## Given information
------------------------

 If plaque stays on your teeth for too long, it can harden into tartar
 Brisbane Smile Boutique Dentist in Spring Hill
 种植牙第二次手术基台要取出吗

------------------------

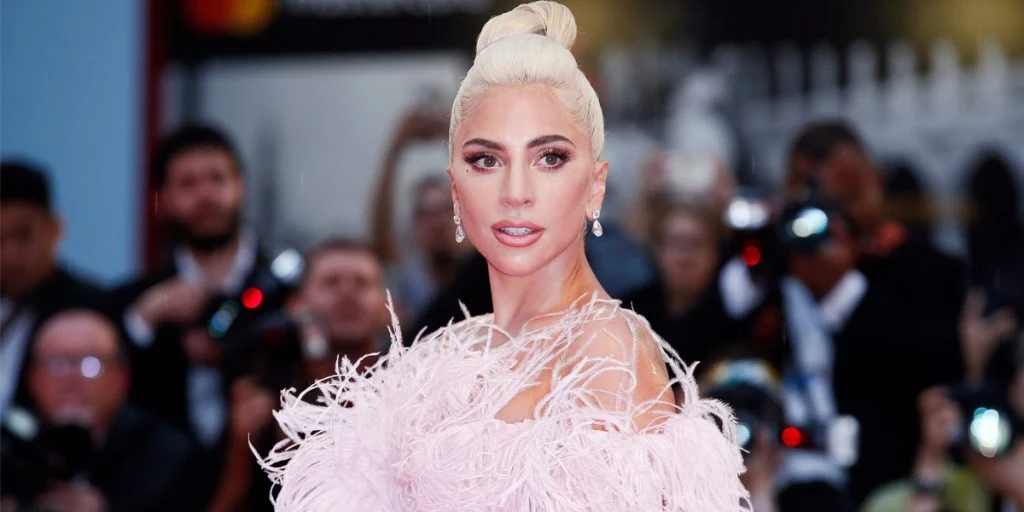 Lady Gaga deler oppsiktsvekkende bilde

------------------------

## Work task
Here the job is to set down exactly the lines of the material above that fall between the one with "If plaque stays" and the one with "种植牙第二次手术基台要取出吗", inclusive, and nothing beyond them.

## Exercise result
 If plaque stays on your teeth for too long, it can harden into tartar
 Brisbane Smile Boutique Dentist in Spring Hill
 种植牙第二次手术基台要取出吗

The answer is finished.